Lhawang Ugyel and Carsten Daugbjerg
The scope and intensity of policy transfer—defined as the process in which policies and institutions from one time and/or place are used in another time and/or place—has increased in the last two decades. An area where extensive policy transfer occurs is public sector reform. In particular, developing countries frequently draw heavily on New Public Management (NPM) practices originally designed for Western democracies. Perceived as best practices, NPM-related reforms influenced the good governance agenda for most developing countries in the late 1990s and early 2000s. They were based on market-like characteristics such as performance management systems and citizens’ charters. Developing countries have found these reforms irresistible, as they face a huge need to grow their economies and shrink their governments. Amidst the expansion of the practice of policy transfer, early studies assumed that a key to successful transfer was the transfer of policy models in their entirety. However, recent research – including our own article in Policy & Politics – suggests that local adaption is essential for success.
The introduction and implementation of the Position Classification System (PCS) in Bhutan in 2006, a developing country in South Asia, illustrates a case study in which a developing country has maintained control over the transfer of public sector reforms. The PCS is a set of administrative arrangements that combines various public sector reforms, including components of NPM. The main motivations for introducing the PCS were internally driven. It sought to address some of the inherent weaknesses of the previous administrative system. Another motivation behind the desire to transfer the PCS from abroad was the influence of new management ideas and changes that were taking place globally and within the country. An evaluation of the PCS conducted in 2011reported that the overall perception of the reforms was that they had been successful.

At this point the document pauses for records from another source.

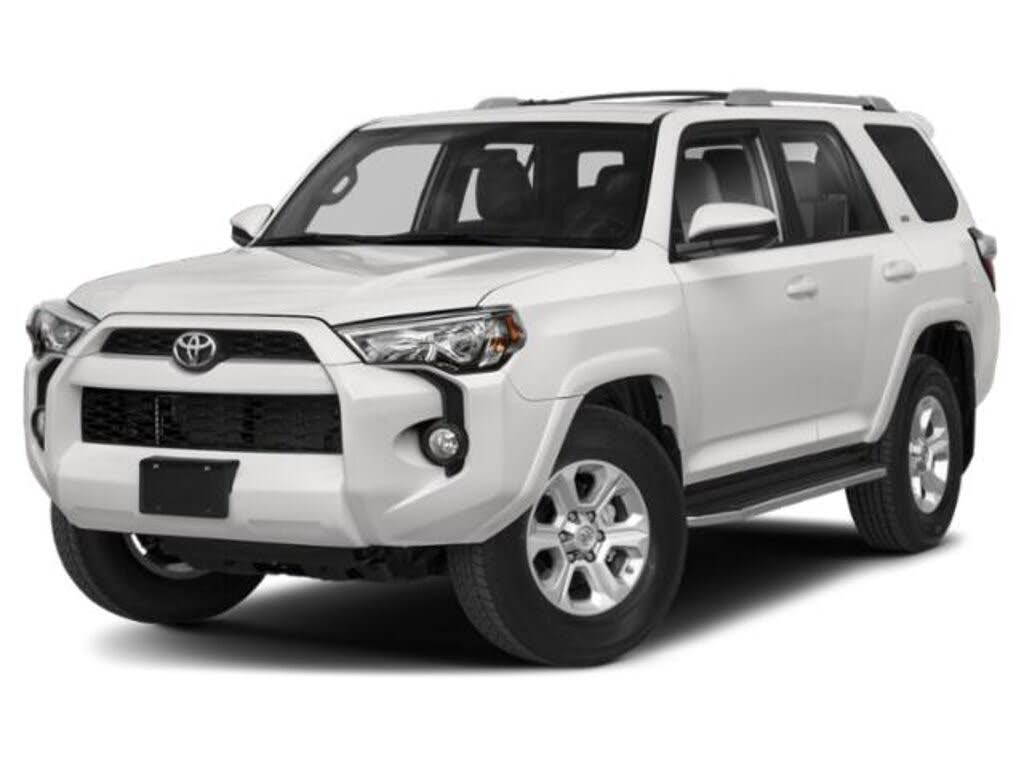 2019 Toyota 4Runner TRD OFF-ROAD Premium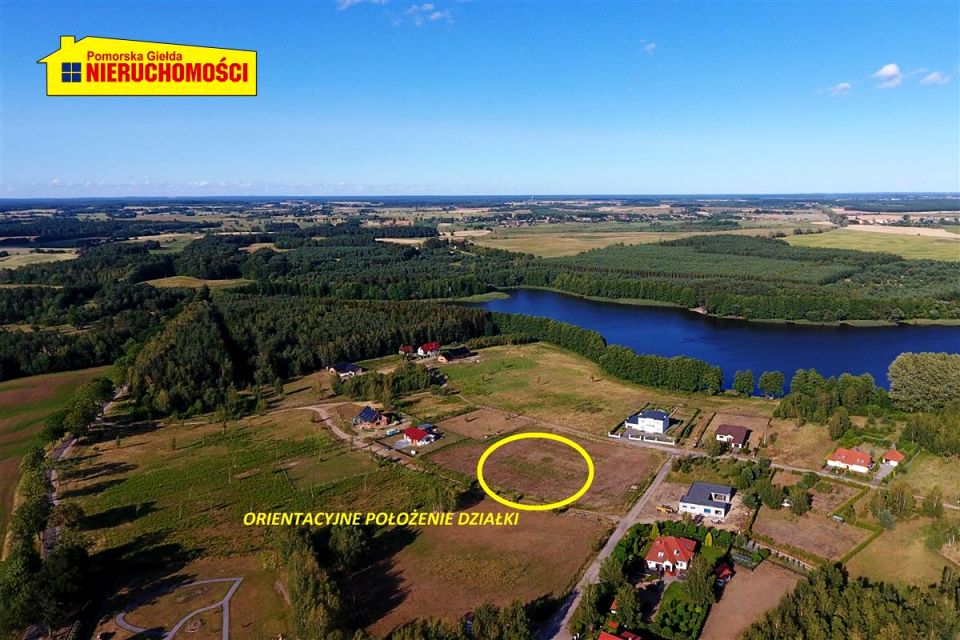 Działka budowlana Radacz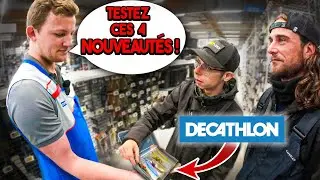 PECHER le SANDRE gr&acirc;ce aux conseils de ce VENDEUR DECATHLON !! Voici les LEURRES pour y arriver !!
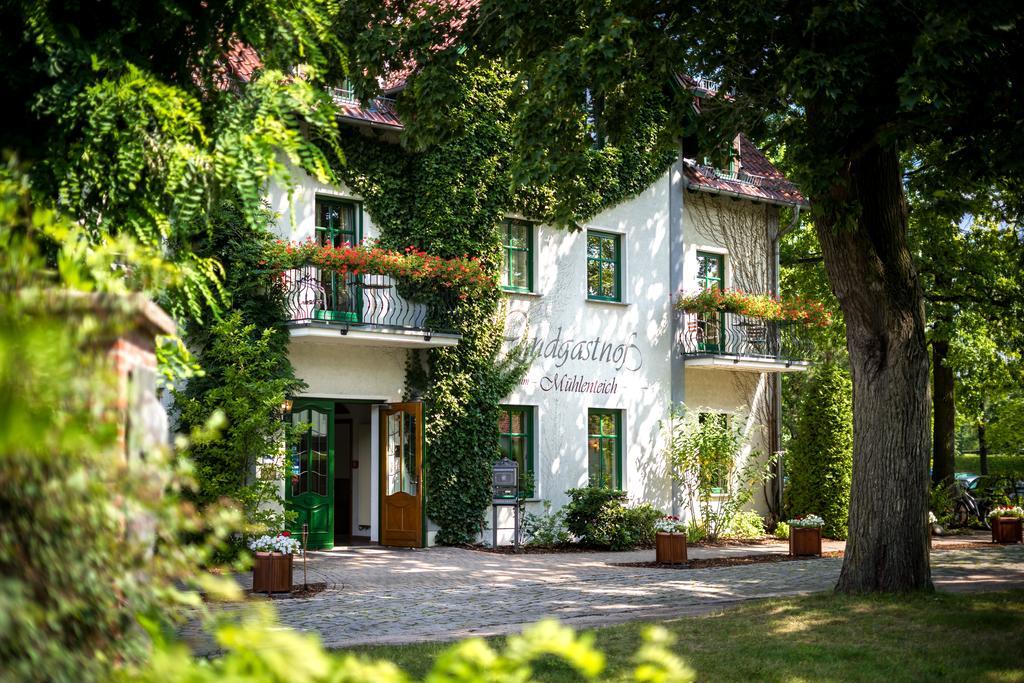 Landgasthof Zum Muehlenteich Eggersdorf (Brandenburg)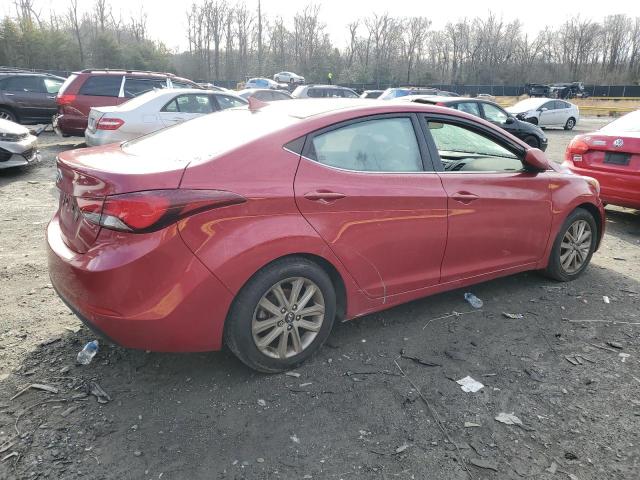 KMHDH4AE7FU297731 | 2015 HYUNDAI ELANTRA SE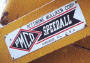 Pettibone Mulliken SPEEDALL metal sign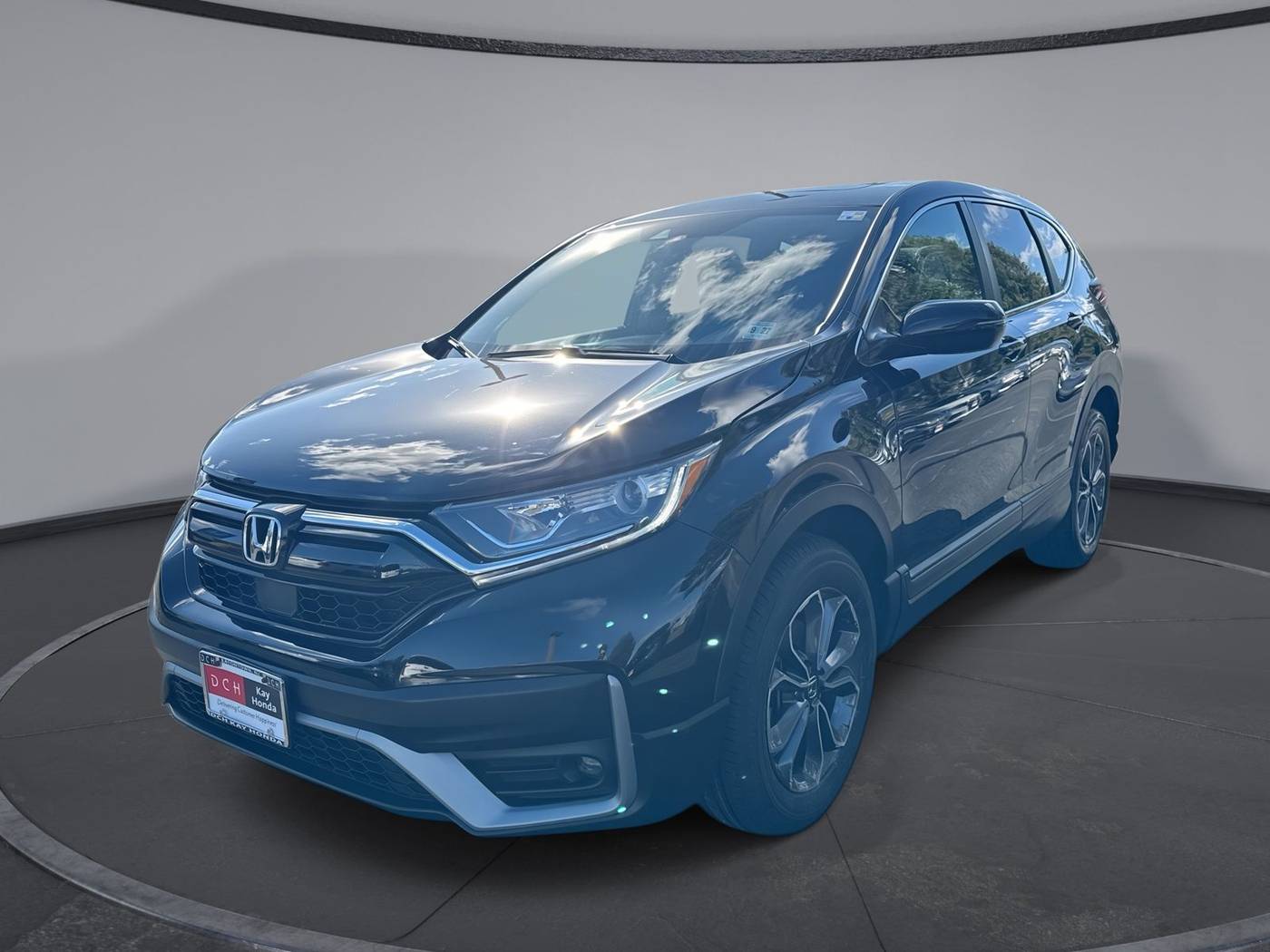2022 Honda CR-V EX-L — SUV — 24,735 mi — Eatontown, NJ
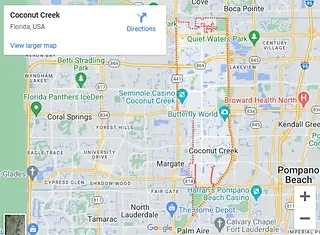 Coconut Creek, FL, USA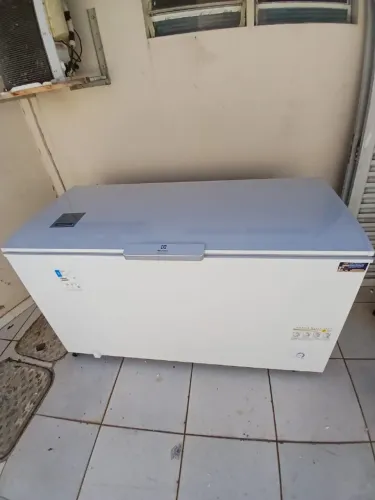 FREEZER ELECTROLUX HI550 - NOVOOO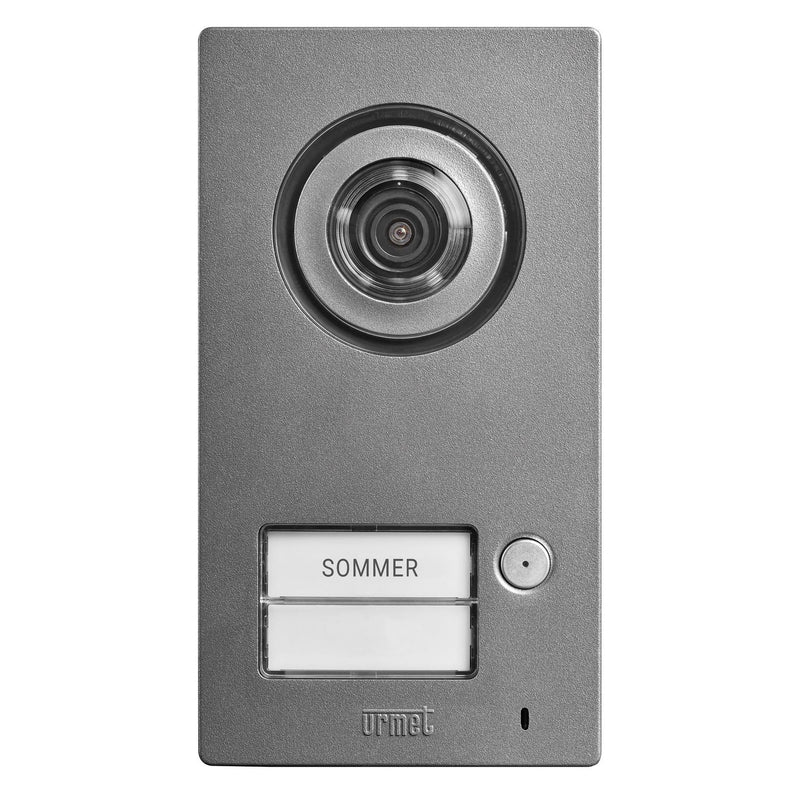 Grothe - Türstation für Türkommunikation Aufputz Etagen-Türstation VT 1060/22 MIKRA 2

Based on the evaluation of the PCS as being successful, the analysis of the introduction and implementation of the PCS in Bhutan highlights two conditions that are key to enabling domestic control of the policy transfer process. The first is a strong internal motivation for engaging in policy transfer, and the second is the establishment or adaption of institutions to manage processes of policy transfer. The central domestic institution governing the formulation and implementation of the PCS was the Royal Civil Service Commission (RCSC) and its secretariat which has functioned as the central personnel agency for all civil servants in Bhutan since its establishment in the early 1980s. The RCSC Secretariat, as the coordinating agency, was centrally positioned in the network consisting of the PCS sub-committees, PCS representatives from the agencies, stakeholders (the Bhutanese civil servants placed in various ministries and agencies), and international advisors/consultants. The RCSC enabled domestic transfer agents to remain at the centre of the process managing relationships with the other actors in the network. Thus, the interaction and formulation of the policy transfer were controlled by domestic transfer agents which allowed them to control the outcomes of the PCS reforms. From a policy transfer perspective, the focus on institutions can contribute to improving our understanding of the transfer process, particularly in developing countries. When these conditions apply, a developing country can engage in effective voluntary policy transfer while retaining control of the process.